Step 6: Again right-click the FAT32 partition and select "Extend Volume". Now, select the unallocated space and tap "Extend".
That's it you drive will restore to the actual size and you won't lose any data during the process. However, since it's a complicated process, it's better to stick to the AOMEI Partition assistant to do the job.
If you don't want to install third-party software or feel like using Windows Disk Management is a complete challenge, an easier option would be to directly format the NTFS drive in FAT32. However, direct formatting will delete the entire data from the drive so it would be better if you are back-up all your files before moving ahead with the process.
Here are three different ways to format a drive from NTFS to FAT32 file system.
Step 1: Expand the "Start" menu and type "CMD" in the Cortana search box. Right-click the search result and select "Open as Administrator".
Step 2: Once you're in the Command Prompt window, execute the following command.
convert d: /fs:fat32 (Replace "d" with the drive letter that you want to format)
That's how to convert NTFS to FAT32 CMD in a Windows system.
You can also use Windows Powershell to format an NTFS drive into FAT32. Powershell is a Command-Line utility that's exclusively available on Windows 10 only. So, if you're using an earlier version of Windows, you'd have to stick to the previous conversion method only.
Here's the step-by-step guide to format NTFS partitions in FAT32 using Windows Powershell.
Step 1: Press "Windows" + "X" and select "Windows Powershell Admin".
Step 2: Once you're in the command-line interface, simply type the following command and press Enter.
format /FS: FAT32 D: (Again, make sure to replace "D" with the drive letter that you want to convert).
Finally, you can format a drive in the FAT32 file system using the Windows Disk Management tool as well.
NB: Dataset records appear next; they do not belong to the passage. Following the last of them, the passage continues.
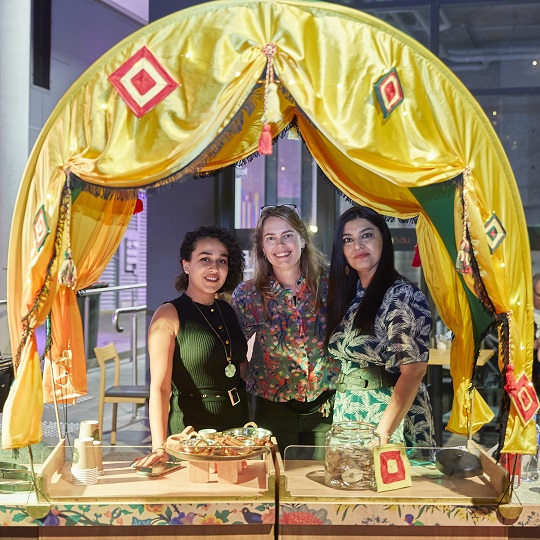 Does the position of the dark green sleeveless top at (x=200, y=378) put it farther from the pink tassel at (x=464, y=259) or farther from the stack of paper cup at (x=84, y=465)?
the pink tassel at (x=464, y=259)

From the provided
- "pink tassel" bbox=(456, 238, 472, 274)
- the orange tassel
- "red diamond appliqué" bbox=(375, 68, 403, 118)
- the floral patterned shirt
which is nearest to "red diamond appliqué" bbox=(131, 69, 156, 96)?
the orange tassel

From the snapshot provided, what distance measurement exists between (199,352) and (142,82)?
3.94 feet

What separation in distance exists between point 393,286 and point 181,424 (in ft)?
3.55

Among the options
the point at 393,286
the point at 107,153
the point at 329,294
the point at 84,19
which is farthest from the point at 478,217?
the point at 84,19

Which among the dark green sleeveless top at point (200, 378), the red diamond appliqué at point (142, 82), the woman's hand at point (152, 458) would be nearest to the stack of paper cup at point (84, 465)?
the woman's hand at point (152, 458)

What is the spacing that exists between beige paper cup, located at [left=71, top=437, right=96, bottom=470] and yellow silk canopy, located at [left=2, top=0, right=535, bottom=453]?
0.62 ft

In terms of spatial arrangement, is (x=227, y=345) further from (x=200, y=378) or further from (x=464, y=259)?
(x=464, y=259)

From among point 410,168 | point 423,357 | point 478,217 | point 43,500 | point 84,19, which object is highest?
point 84,19

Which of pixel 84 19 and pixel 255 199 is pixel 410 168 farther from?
pixel 84 19

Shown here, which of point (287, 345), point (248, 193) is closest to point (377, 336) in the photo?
point (287, 345)

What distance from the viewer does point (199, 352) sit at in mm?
3240

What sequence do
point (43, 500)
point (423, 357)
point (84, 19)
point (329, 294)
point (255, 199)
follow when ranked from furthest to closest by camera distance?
point (84, 19) → point (255, 199) → point (329, 294) → point (423, 357) → point (43, 500)

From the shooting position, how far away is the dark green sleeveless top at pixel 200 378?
3.23 m

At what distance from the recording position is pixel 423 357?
3062 millimetres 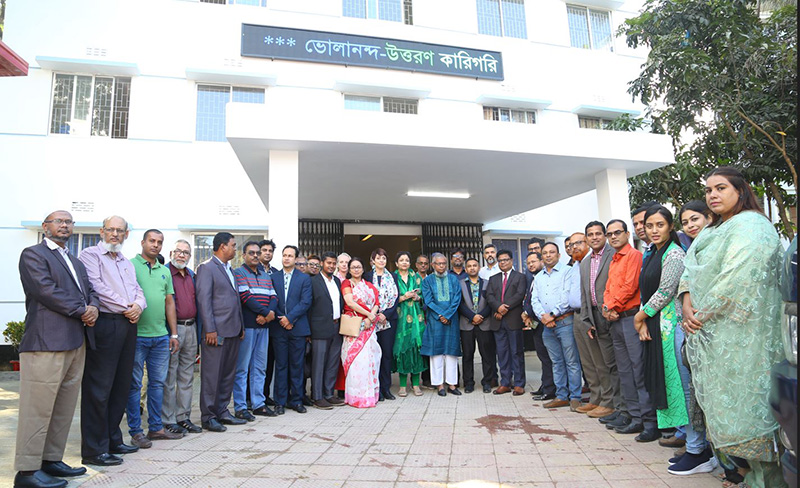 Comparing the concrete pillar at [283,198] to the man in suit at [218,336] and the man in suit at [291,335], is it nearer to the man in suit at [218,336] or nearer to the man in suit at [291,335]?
the man in suit at [291,335]

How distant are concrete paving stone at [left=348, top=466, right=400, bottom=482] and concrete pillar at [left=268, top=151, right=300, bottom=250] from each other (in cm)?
265

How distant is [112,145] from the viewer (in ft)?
27.7

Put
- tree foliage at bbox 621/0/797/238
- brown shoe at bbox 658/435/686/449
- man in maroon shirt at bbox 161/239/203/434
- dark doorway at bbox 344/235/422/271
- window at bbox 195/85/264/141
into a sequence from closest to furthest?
brown shoe at bbox 658/435/686/449
man in maroon shirt at bbox 161/239/203/434
tree foliage at bbox 621/0/797/238
window at bbox 195/85/264/141
dark doorway at bbox 344/235/422/271

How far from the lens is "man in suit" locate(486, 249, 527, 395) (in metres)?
5.29

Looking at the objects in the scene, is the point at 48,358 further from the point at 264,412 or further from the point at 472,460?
the point at 472,460

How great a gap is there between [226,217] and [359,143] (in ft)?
15.1

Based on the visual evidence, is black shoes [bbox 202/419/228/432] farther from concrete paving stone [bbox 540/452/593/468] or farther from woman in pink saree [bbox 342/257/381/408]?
concrete paving stone [bbox 540/452/593/468]

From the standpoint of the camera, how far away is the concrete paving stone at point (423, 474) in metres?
2.77

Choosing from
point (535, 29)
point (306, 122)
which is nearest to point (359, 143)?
point (306, 122)

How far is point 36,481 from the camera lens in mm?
2652

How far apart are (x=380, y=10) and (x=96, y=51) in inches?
216

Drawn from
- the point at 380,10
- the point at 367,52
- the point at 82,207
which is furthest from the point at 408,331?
the point at 380,10

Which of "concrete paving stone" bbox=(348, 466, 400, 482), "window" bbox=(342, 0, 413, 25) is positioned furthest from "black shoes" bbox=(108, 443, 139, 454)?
"window" bbox=(342, 0, 413, 25)

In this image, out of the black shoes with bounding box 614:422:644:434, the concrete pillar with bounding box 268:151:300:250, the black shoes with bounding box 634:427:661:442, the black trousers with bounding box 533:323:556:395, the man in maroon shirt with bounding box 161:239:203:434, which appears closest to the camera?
the black shoes with bounding box 634:427:661:442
However, you can only format a drive with up to 32 GB size. If the drive size extends this limitation, the "format" option won't be available for the select drive.
Step 1: Open the Disk Management Tool and right-click the drive that you want to format.
Step 2: Select "Format" and click "Yes".
Step 3: Now, name the drive and use the drop-down menu to change the file system to "FAT32".
Step 4: Press "Ok" and the drive will be formatted to FAT32.
That wraps up our guide on different methods to convert NTFS to FAT32. If you're looking for a hassle-free way to convert NTFS to FAT32 file system, we'd recommend using AOMEI partition as it offers a quick and convenient solution without causing any harm to your data.